Chapter 4 Distributions
Random variables can potentially take many different values, usually with some values or intervals of values more likely than others. We have used simulation to investigate the pattern of variability of random variables. Plots and summary statistics like the ones encountered in the previous chapters summarize distributions of random variables.
The (probability) distribution of a random variable specifies the possible values of the random variable and a way of determining corresponding probabilities. We will see several ways to describe distributions, some of which depend on the number and types of the random variables under investigation.
Commonly encountered random variables can be classified as discrete or continuous (or a mixture of the two98).
- A discrete random variable can take on only countably many isolated points on a number line. These are often counting type variables. Note that “countably many” includes the case of countably infinite, such as \(\{0, 1, 2, \ldots\}\).
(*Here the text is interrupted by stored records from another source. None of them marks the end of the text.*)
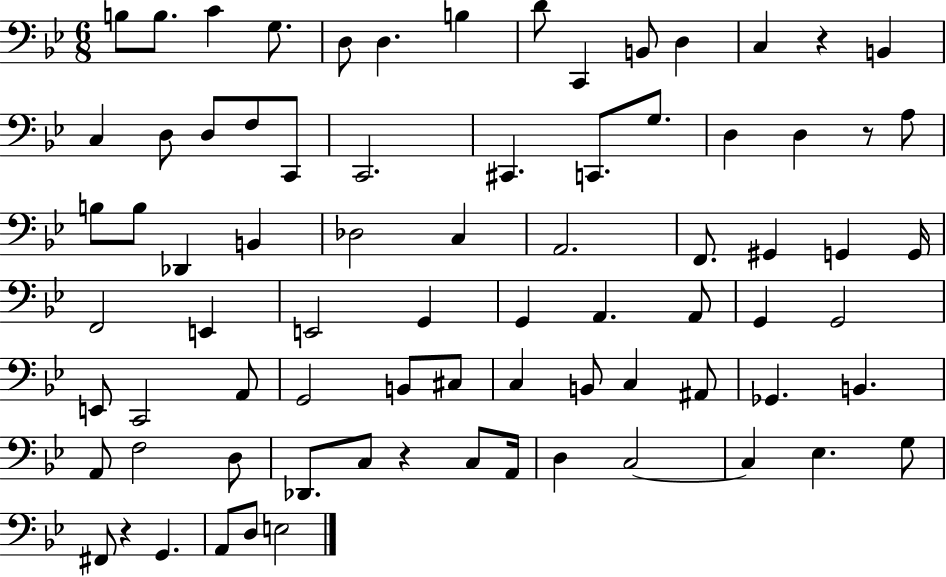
{
  \clef bass
  \numericTimeSignature
  \time 6/8
  \key bes \major
  b8 b8. c'4 g8. | d8 d4. b4 | d'8 c,4 b,8 d4 | c4 r4 b,4 | \break c4 d8 d8 f8 c,8 | c,2. | cis,4. c,8. g8. | d4 d4 r8 a8 | \break b8 b8 des,4 b,4 | des2 c4 | a,2. | f,8. gis,4 g,4 g,16 | \break f,2 e,4 | e,2 g,4 | g,4 a,4. a,8 | g,4 g,2 | \break e,8 c,2 a,8 | g,2 b,8 cis8 | c4 b,8 c4 ais,8 | ges,4. b,4. | \break a,8 f2 d8 | des,8. c8 r4 c8 a,16 | d4 c2~~ | c4 ees4. g8 | \break fis,8 r4 g,4. | a,8 d8 e2 | \bar "|."
}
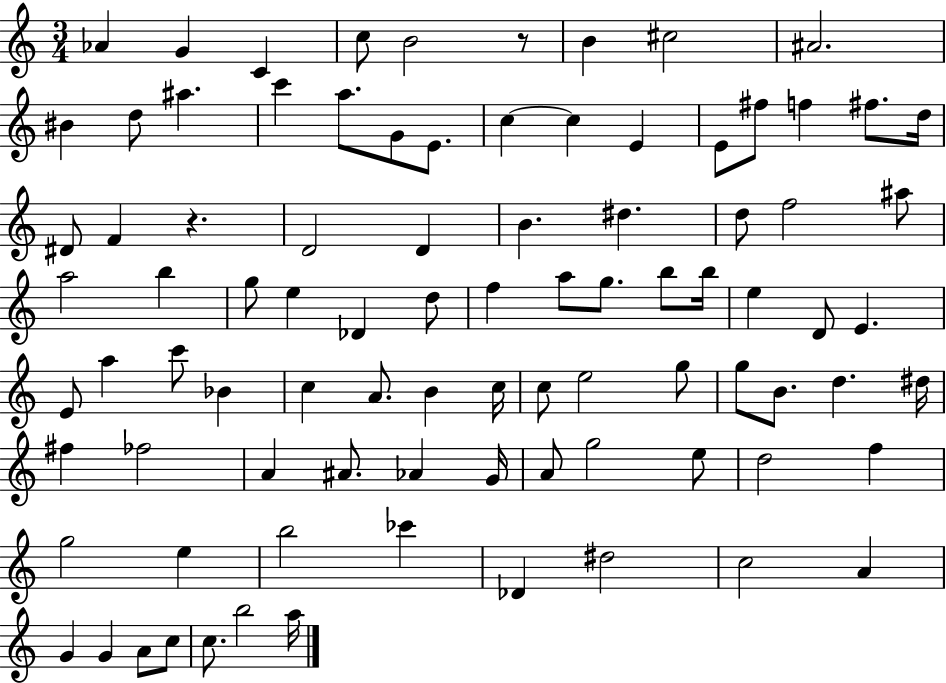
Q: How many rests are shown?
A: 2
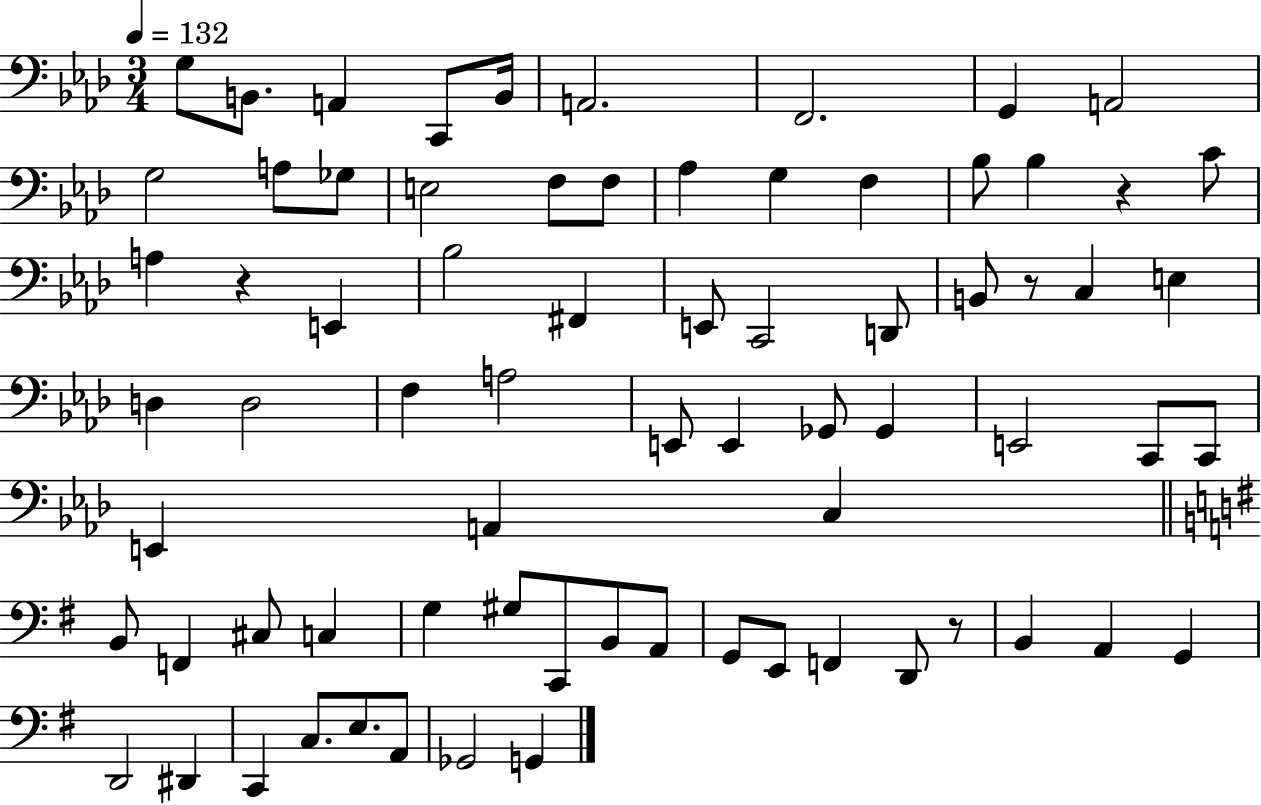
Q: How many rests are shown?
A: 4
- A continuous random variable can take any value within some uncountable interval, such as \([0, 1]\), \([0,\infty)\), or \((-\infty, \infty)\). These are often measurement type variables.
We will see a few ways of specifying a distribution.
- A well labeled plot
- A table of possible values and corresponding probabilities for discrete random variables. This could be a two-way table for the joint distribution of two discrete random variables.
- A probability mass function for discrete random variables or a probability density function for continuous random variables which maps possible values \(x\) — or \((x, y)\) pairs, etc — to their respective probability (for discrete) or density (for continuous).
- A cumulative distribution function, which provides all the percentiles of the distribution
- By name, including values of relevant parameters, e.g., “Exponential(1)”, “Normal(500, 100)”, “Binomial(5, 0.3)”, “BivariateNormal(500, 500, 100, 100, 0.8)”. Some probabilistic situations are so common that the corresponding distributions have special names. Always be sure to specify values of relevant parameters, e.g., “Normal(500, 100) distribution” rather than just “Normal distribution”. Note that different named distributions have different identifying parameters. For example, the parameters 0 and 1 mean something different for the Uniform(0, 1) distribution than for the Normal(0, 1) distribution.
There is another type of weird random variable which has a “singular” distribution, like the Cantor distribution, but we’re counting these random variables as not commonly encountered.↩︎